I disagree that a leaders FP is a " fine representation " of leadership { no such equivalent scale is used in say " Napoleon 1815 " and are Wellington & Napoleon supposed to be " inferior " to Civil War leaders ??
all i am saying that the existing rule is Exaggerated..

I do not think you can justifiably compare this game's leader rules to Napoleon's rules. They are very different games, with very different scales and goals. The leader rules are an attempt to offer simple rules that catch the flavor of the role of leaders in the Civil War. Of course it could be more historical, more accurate, more detailed, but that was not the intent. Their firepower reflects, as far as I can tell, their impact on the fighting where they are. Longstreet was considered to be a hard hitter (hence F3) whereas a McClellan was not (hence F1). It is not the leader firing, it is his tactical leadership in the actual fighting.

Polish5 wrote:

the Outflank rule - well i prefer the old one. And should there not be a chance that the unit is " on its way " but not arrived yet { rather than it turns up always with surprise OR it gets lost AND loses stragglers } Understand my point ?

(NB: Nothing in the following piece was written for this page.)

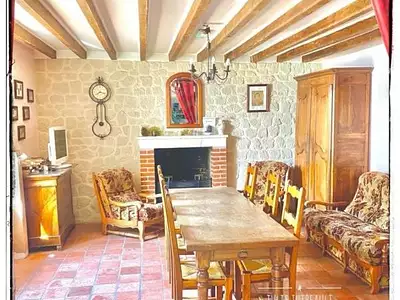 Maison, 275 m²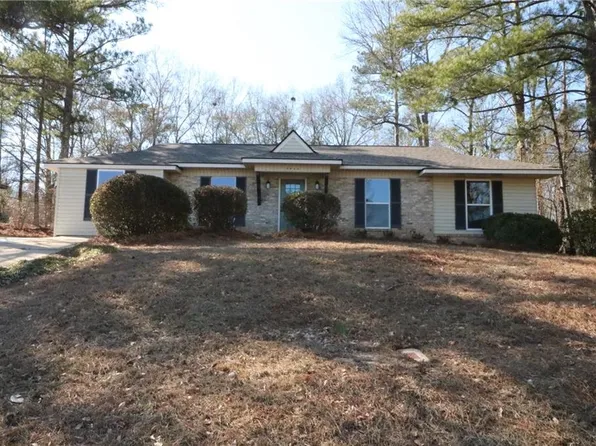 1703 Ridgecrest Dr, Phenix City, AL 36869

The old rules were more involved, and took longer to write. I believe the goal was to simplify and shorten the rules wherever possible. Also, the flank rules had to change dramatically when the rout rules were changed. If taking the enemy flank merely poses a greater threat to the center column, then the old flanking rules were fine. But if taking the enemy's flank routs him and ends the battle immediately, the flank rules have to be toned down. Personally, I liked the old rout and flank rules better, but they also involved many more rules on enfilade fire, movement, etc. The new rules streamline the rule book well.

Polish5 wrote:

You say the melee is " brutal ". But as i have tried to point out it is NOT a balanced rule. { mathematically the attacker has nothing to lose, despite the self-hits { i think the rule design has not thought this thro'. IF you have equal or superior CV, you are best ALWAYS going to melee as the attacker { unless the defender is SO weak you don't need to } The melee decision should be a RISK. The existing rule does NOT provide that. The preferred civil war tactic was to deploy into line & fire for most engagements. I think my rule is way superior. And the old rule better than this new one..

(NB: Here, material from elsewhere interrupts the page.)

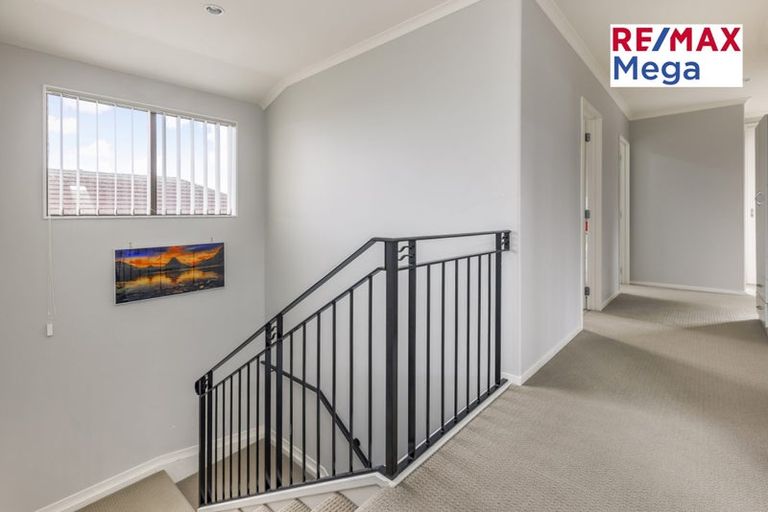 Photo of property in 10 Terrasini Drive, Flat Bush, Auckland, 2019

I would have to disagree here about the lack of risk. I never use melee unless I need a rout FAST! That chance of a self-hit is too risky for me. I do not care if I have more steps there or not. Replacing those steps is difficult, with few RPs and the limit of 4 RPs per hex. I cannot afford to throw away steps with a melee every time. So here I disagree with your assessment. Personally, I do not like rules with self-hits (I hate the charge rule in Crusader Rex for the same reason). All I can envision is my own men tripping and falling on their own bayonets! But it is a the simplest way to add a risk to melee without a bunch of rules.


Polish5 wrote:

Forest battle provides increased FP for the defender { not penalty for the attacker }- YES indeed american forest was more " wild ", but then should not the attacker be penalized ? rather than the defender increased }

I actually agree, a penalty to attacker fire feels more accurate, and that was actually used through much of play testing. But it is also a more complex rule - can long range artillery fire, can engaged artillery fire after their initial bonus? A -1FP means no to both, but that is not accurate either. Garrisons and cavalry cannot fire at all if you go -1FP. So do you only penalize infantry? But that makes no sense, everyone gets hindered by woods. So in the end, giving the defender a +1 is a lot easier, involved a lot less rules, and is sort of the same thing in reverse. It will still mean the attacker takes more losses before he can inflict a lot of losses on the defender - which is the result either way. The +1FP also speeds battles, whereas -1FP slows battles. Since speed of play and ease of rules was the big goal, this rule makes a lot more sense, and still gets similarly plausible results.


Polish5 wrote:

Entrenchment rule seems weak also..[ i would say the defender gets + 1CV when firing to represent firing from a " protected position ".
ALSO -IF a successful " outflank " move is done against an entrenchment - then those " outflankers " would not be penalised { -1 CV } as they would " bypass " the entrenchment :0)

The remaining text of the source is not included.